For our next ingredient, we need a large number. Let's use 3^^^3, written in Knuth's up-arrow notation:
- 3^3 = 27.
- 3^^3 = (3^(3^3)) = 3^27 = 7625597484987.
- 3^^^3 = (3^^(3^^3)) = 3^^7625597484987 = (3^(3^(3^(... 7625597484987 times ...)))).
3^^^3 is an exponential tower of 3s which is 7,625,597,484,987 layers tall. You start with 1; raise 3 to the power of 1 to get 3; raise 3 to the power of 3 to get 27; raise 3 to the power of 27 to get 7625597484987; raise 3 to the power of 7625597484987 to get a number much larger than the number of atoms in the universe, but which could still be written down in base 10, on 100 square kilometers of paper; then raise 3 to that power; and continue until you've exponentiated 7625597484987 times. That's 3^^^3. It's the smallest simple inconceivably huge number I know.
Now here's the moral dilemma. If neither event is going to happen to you personally, but you still had to choose one or the other:
Would you prefer that one person be horribly tortured for fifty years without hope or rest, or that 3^^^3 people get dust specks in their eyes?
I think the answer is obvious. How about you?
Eliezer, are you suggesting that declining to make up one's mind in the face of a question that (1) we have excellent reason to mistrust our judgement about and (2) we have no actual need to have an answer to is somehow disreputable?
Yes, I am.
Regarding (1), we pretty much always have excellent reason to mistrust our judgments, and then we have to choose anyway; inaction is also a choice. The null plan is a plan. As Russell and Norvig put it, refusing to act is like refusing to allow time to pass.

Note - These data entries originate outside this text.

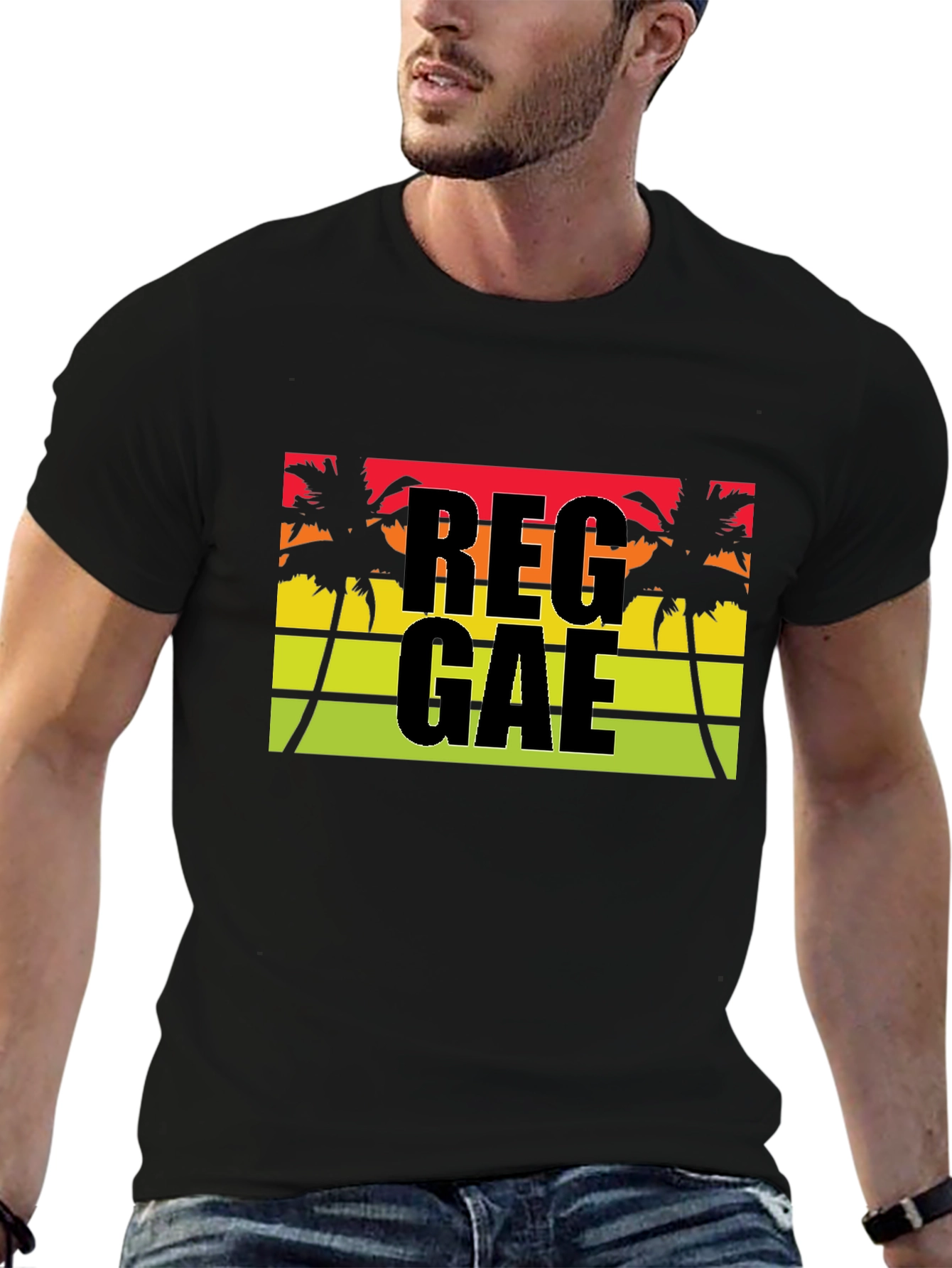 Reggae Vibe T-Shirt - Tropical Palm Tree Design
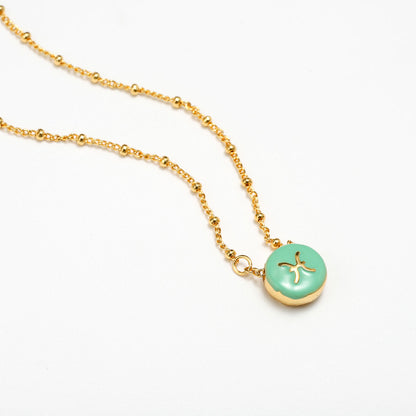 Zodiac Sign Four-leaf Clover Necklace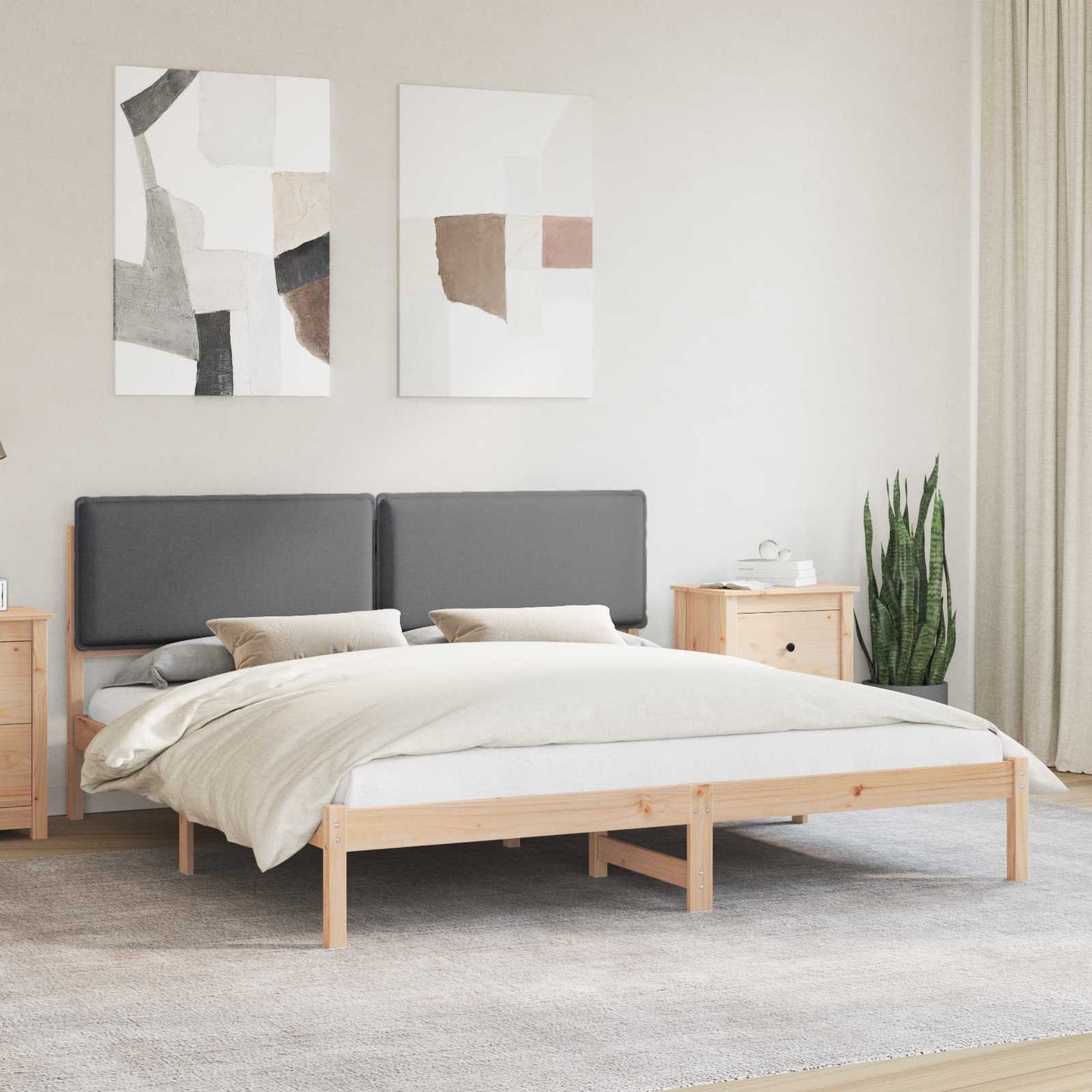 Letto con Testiera Rivestita Grigio scuro 200 x 200 cm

Regarding (2), whenever a tester finds a user input that crashes your program, it is always bad - it reveals a flaw in the code - even if it's not a user input that would plausibly occur; you're still supposed to fix it. "Would you kill Santa Claus or the Easter Bunny?" is an important question if and only if you have trouble deciding. I'd definitely kill the Easter Bunny, by the way, so I don't think it's an important question.
Followup dilemmas:
For those who would pick SPECKS, would you pay a single penny to avoid the dust specks?
For those who would pick TORTURE, what about Vassar's universes of agonium? Say a googolplex-persons' worth of agonium for a googolplex years.